The question is whether oil companies are willing to forgo some of the subsidies that are currently given to the industry. Senate Democrats will like to go after $21 billion in tax incentives and deductions over the next ten years. However, this looks like a tall order, with the President of Shell Oil Company, a corporation that that made $8.8 billion profit last quarter, holding brief on its behalf and for the beleaguered British Petroleum with the following comment: "last year in the Gulf of Mexico, government policies caused Shell to defer some $700 million in capital expenditures and take more than $180 million in special charges. We expect to lose an estimated 50,000 barrels of oil equivalent per day in 2011 alone. Thinking about the impact-to-date, that represents lost gasoline production - just to Shell - that could have powered, on average, 633,000 cars and light trucks every day since January 1."

The first obstacle to oil companies playing ball or acknowledging that they can actually do away with the subsidies to the industry is grounded in the fear of the unknown. True, exploration for oil and gas is an expensive, difficult and potentially dangerous venture. In early 1990’s the Gulf Coast was considered a “Dead Sea” after fifty years of tapped exploitation; then came advancements in Deep-water drilling Technology, which has helped increase production by more than 50%. It was estimated that before the Deep-water Horizon disaster, 52% of the oil and 20% of the gas extracted in the Gulf Coast came from wells drilled in depths of 1,000ft and over. This was a significant development; however, with the BP disaster, obviously, there is going to be a pull back and somewhat of a trepidation regarding how much understanding the industry has of deep-water off-shore drilling. The uncertainty of exploration investments is one that oil and gas companies are too afraid to absolve upfront. However, if lucky in their explorations, the reward could be very handsome.

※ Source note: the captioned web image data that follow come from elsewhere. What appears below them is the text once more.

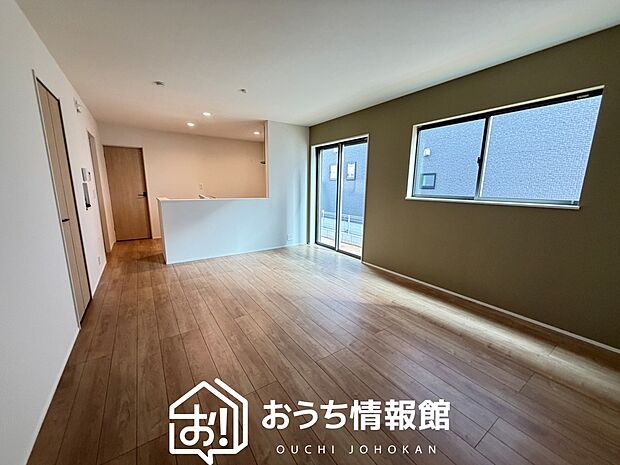 現地写真（リビング）
フローリング材には、木目、色調など木材特有の風合いがあり、ナチュラルな美しさになっています。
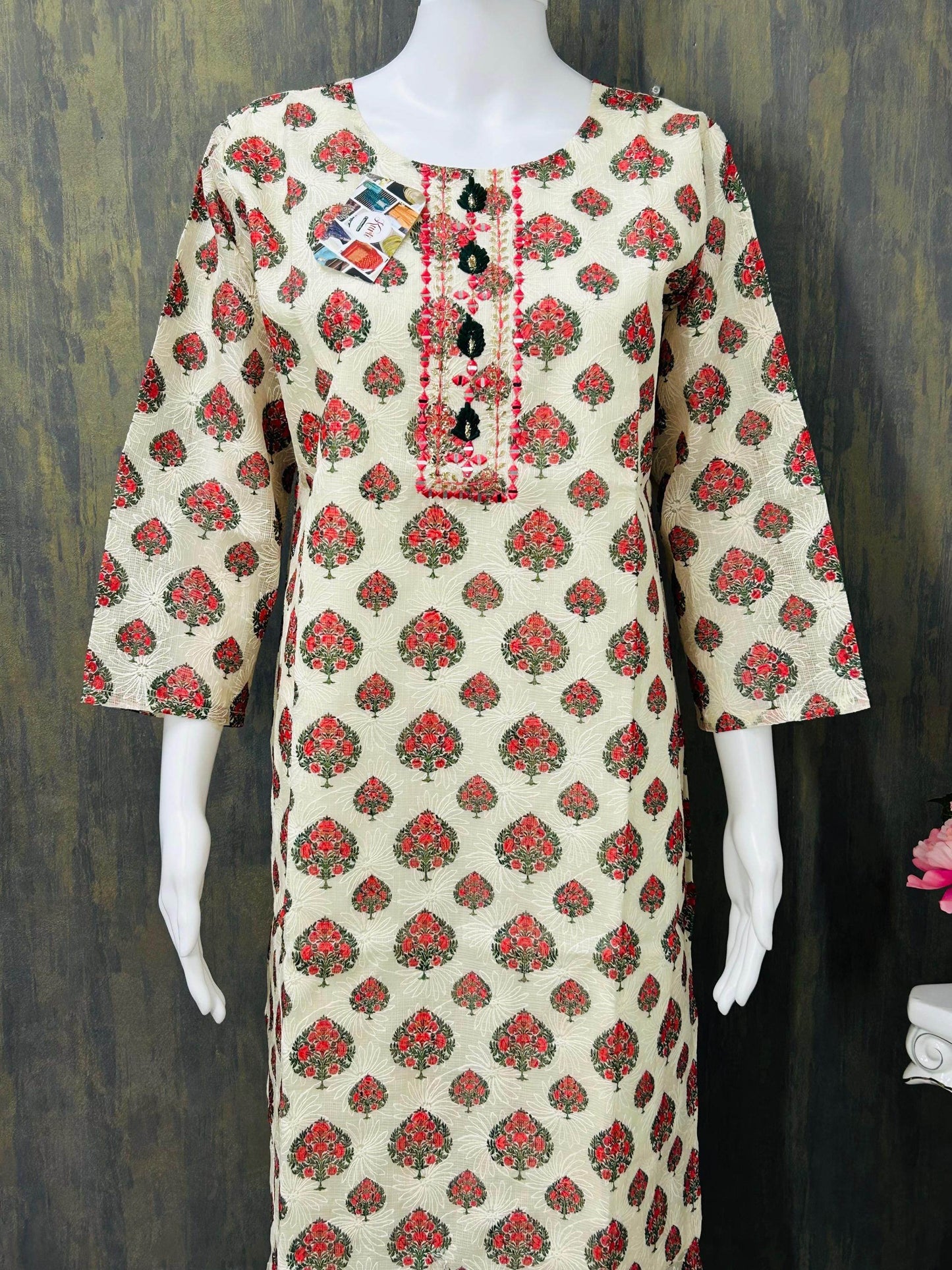 Cotton chikankari kurti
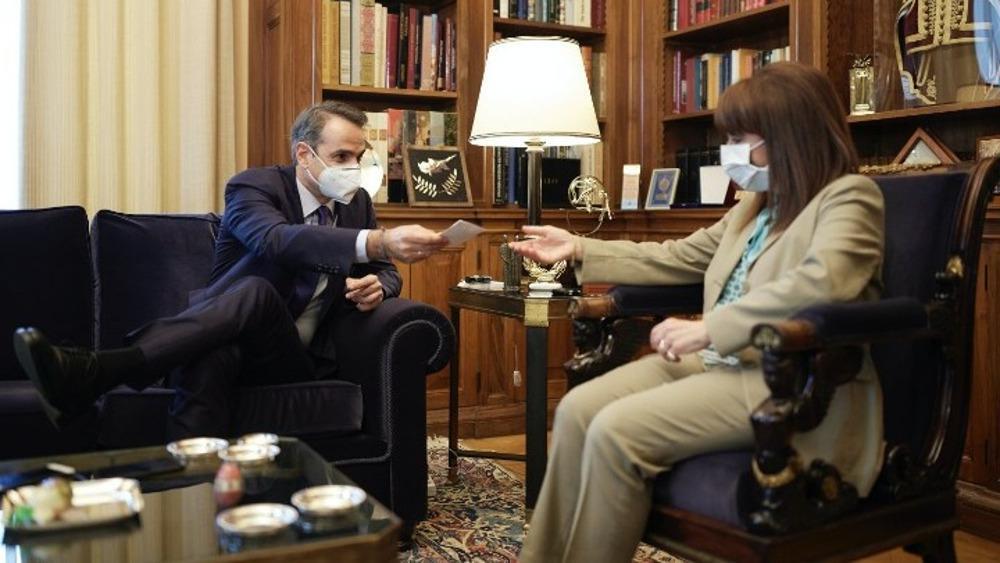 Μητσοτάκης-Σακελλαροπούλου: Τι είπαν για εμβολιασμό, Ταμείο Ανάκαμψης και self test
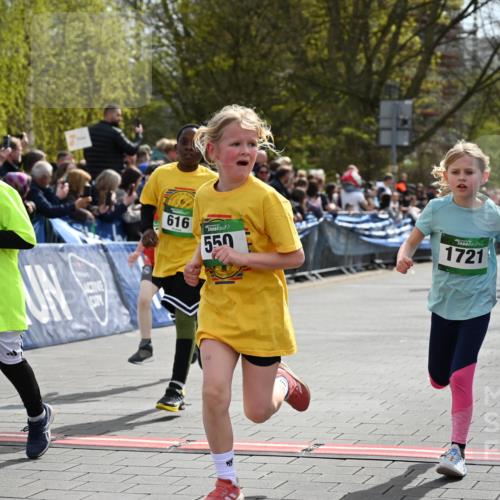 12.04.2026 - 45. Internationalen Wilhelmsburger Insellauf J. Mangold http://msf.ph/oto/9522910 12.04.2026 14:35:04 Ziel 464, 1706, 346, 1726, 556, 840, 864, 288, 1725, 550, 527, 1721, 616, 816, 677, 69, 470, 1750 meine-sportfotos.de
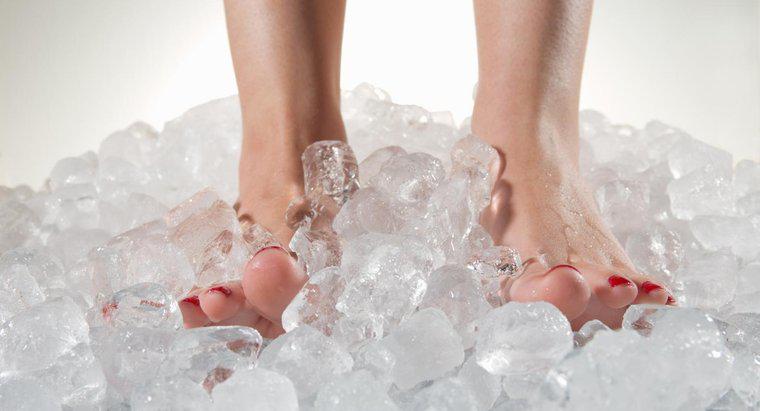 Was verursacht Fußschmerzen an der Fußsohle?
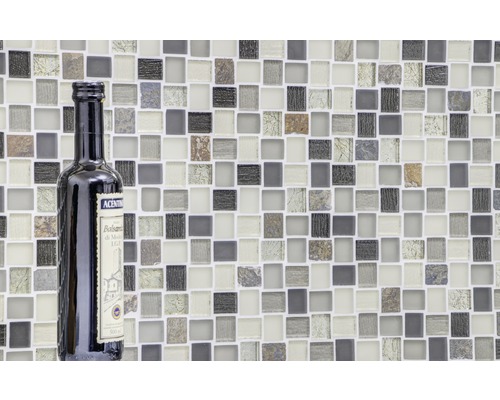 Mur de carreaux de mosaïque avec une bouteille de vinaigre balsamique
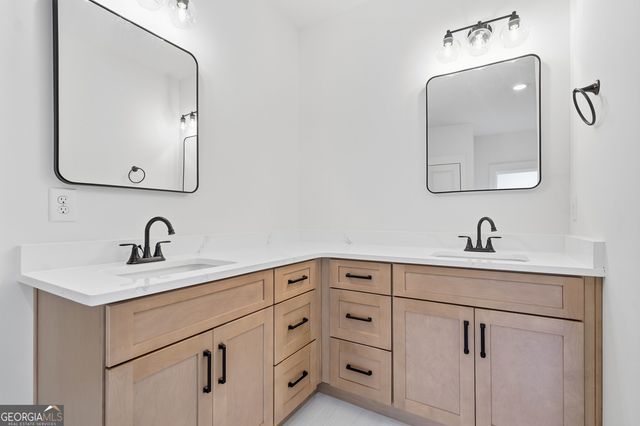 784 Sherwood Road, Gainesville, GA 30501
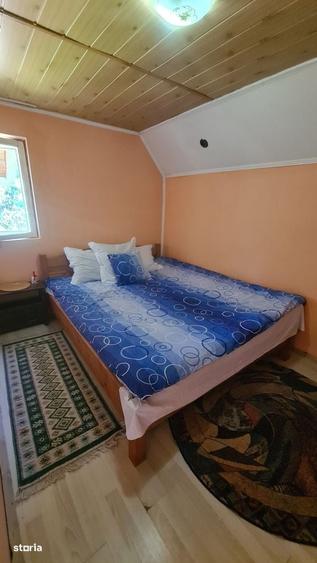 Casă cu 4 camere în Slămnești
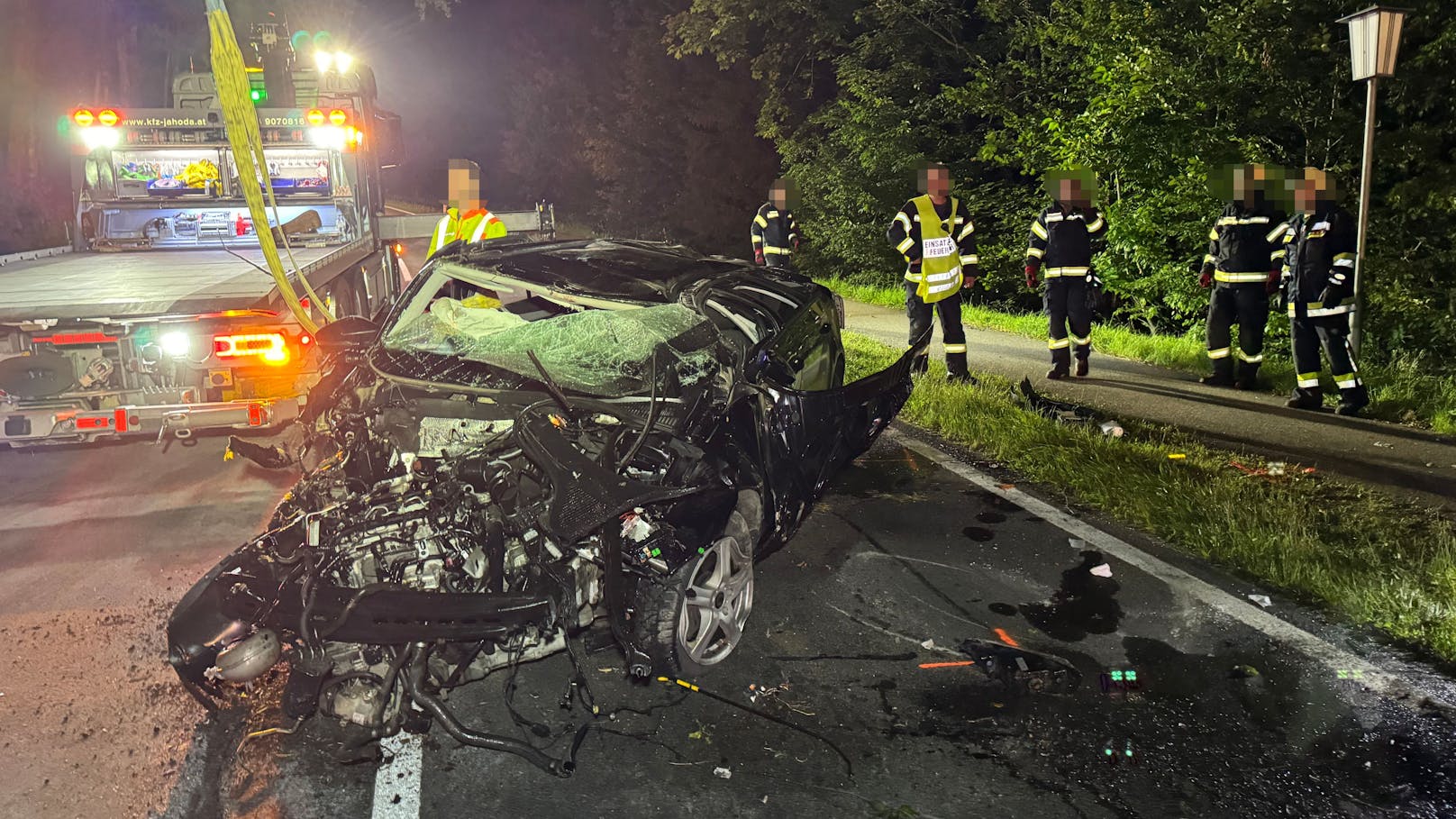 Während des Unfalls war der Lenker nicht angegurtet, wurde aus dem Fahrzeug geschleudert.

The second obstacle is facing federal regulatory requirements, including safety guidelines, refinery operations and other regulatory agencies’ requirements on exploring for oil and gas. The challenge and risk of accidental spill often beleaguer the oil industry. The lackadaisical operations on oil platforms and unconscious safety management practices get oil companies into problems just as we had over the past year. British Petroleum could rightly argue that other oil companies in the industry could have suffered their faith at the Macondo well; and, only the fact that there are available government subsidies that encouraged the company to venture into the depths that led to the accidental explosion. However, this argument will hardly hold ground, if the Federal Government pulls subsidies that allowed oil companies to take extra-ordinary risks that lead to explosions and deaths in the process of searching for oil. The continued Federal subsidy to the oil industry conflicts with its goal of maintaining safety in the process of exploration. If oil companies are not being responsible enough with the issue of safety management and if oil companies want to hang the risk-taking choices on the fact that they are being subsidize to take huge risk, perhaps, it is time to let go the subsidies or yank the subsidies in order to save lives.

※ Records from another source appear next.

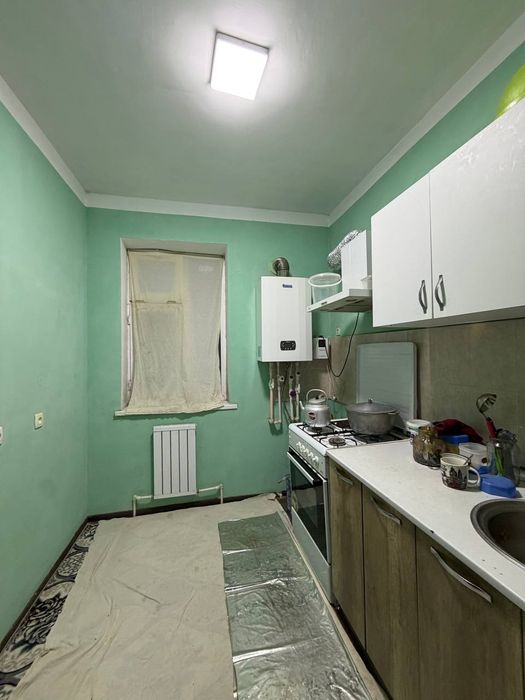 Srochniy 2xona kvartira sotiladi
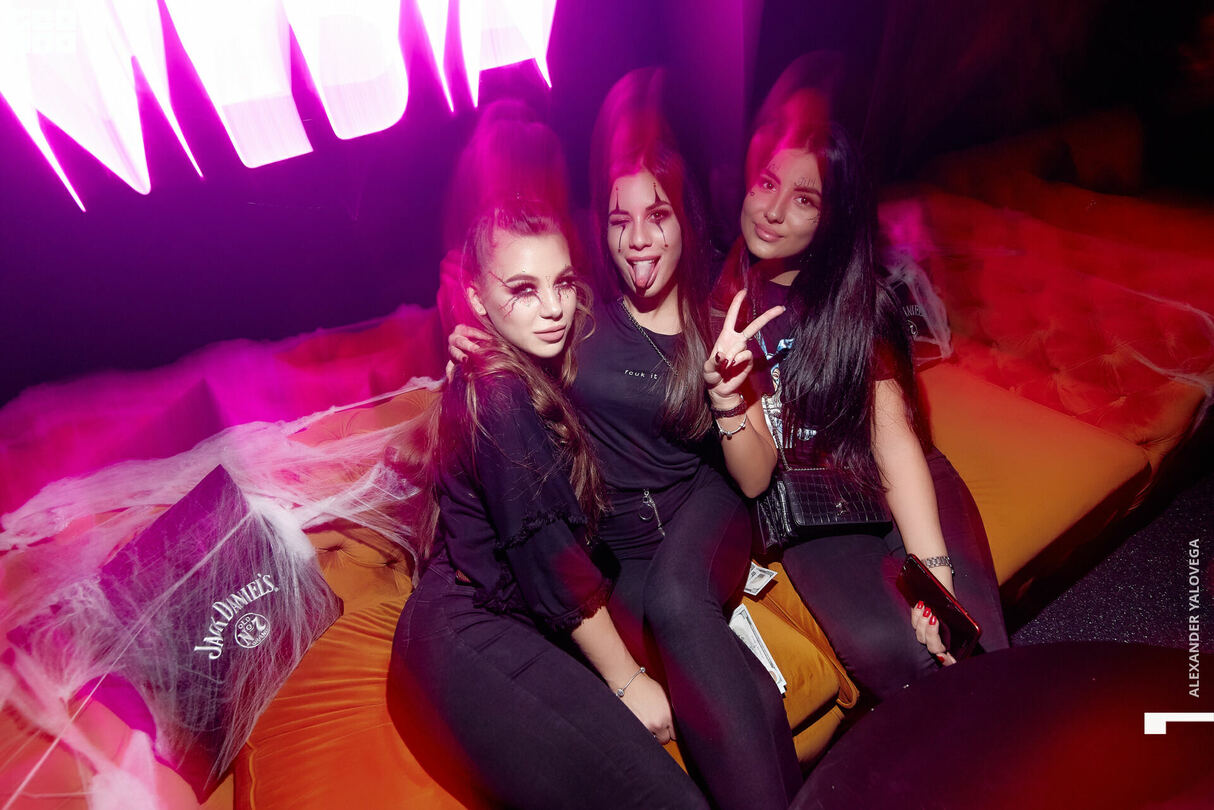 HALLOWEEN WEEKEND 30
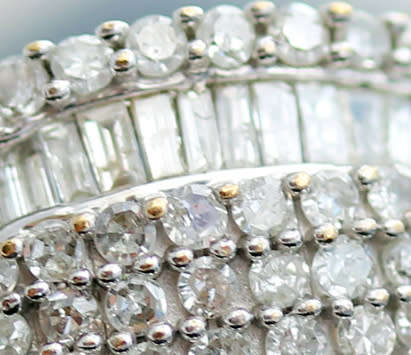 GORGEOUS DIAMOND CLUSTER 9CT YELLOW GOLD RING 1,75CT DIAMONDS! * JEWELLER'S EVALUATION R 56'000.00*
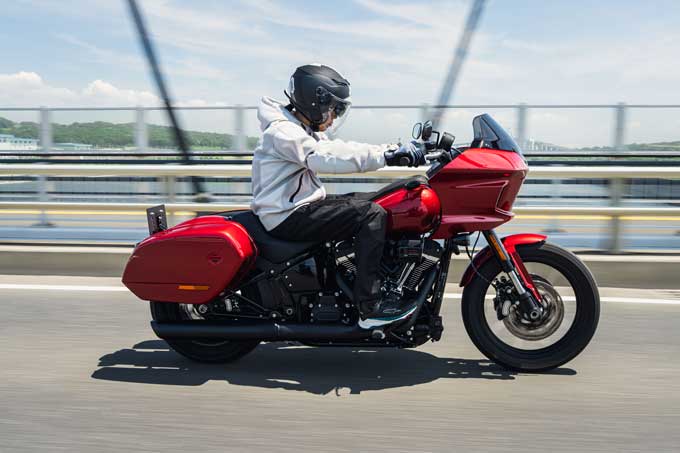 【ハーレーダビッドソン 新型ローライダーST 試乗記】クレイジーな走りをもたらす大胆な猛獣！！　06画像
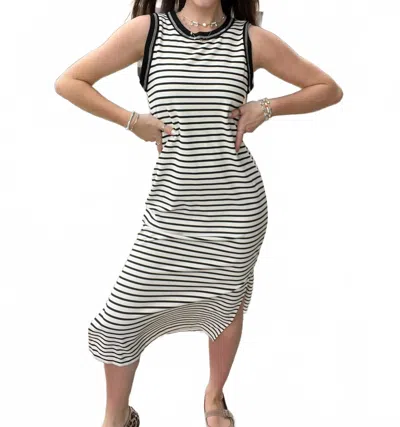 Blu Pepper City Stroll Maxi Dress In Black In White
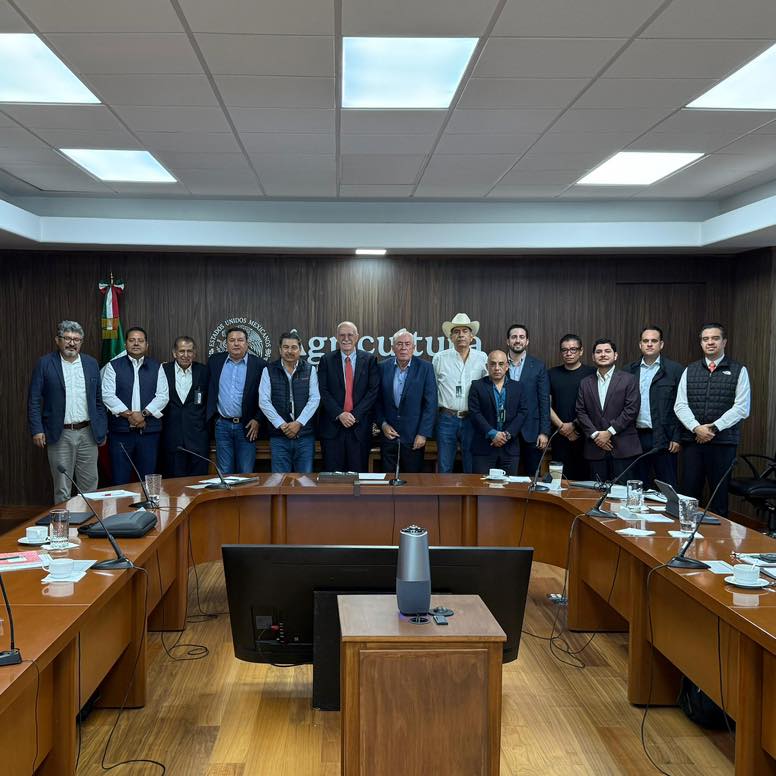 Lee más sobre el artículo UGR´S DE SONORA, DURANGO Y COAHUILA SE REUNEN CON SECRETARIO DE SADER, JULIO BERDEGUÉ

The best hope is to grapple with the fact that some of the subsidies would have to go away. However, the problem is, would the leadership in both chambers of congress live up to the expectation of the nation, in terms of bringing down the deficit; and, or making up for the shortfall in federal budget, by suspending the subsidies to the oil industry. Fortunately, one does not have to look far to see how this could be accomplished or play out. However, the question is, and has always been: will our lawmakers do their job, or will they continue to catty-up to the oil industry that lines the pockets of some of them or their campaign chests? The huge quarterly profits and mixed records of oil companies, with respect to safety management in exploration and marketing oil, make it imperative that our lawmakers take away some of the industry subsidies, if not for the sake of making up for the huge hole in our budget, but also to encourage some discipline in the way safety issues are managed in the oil industry.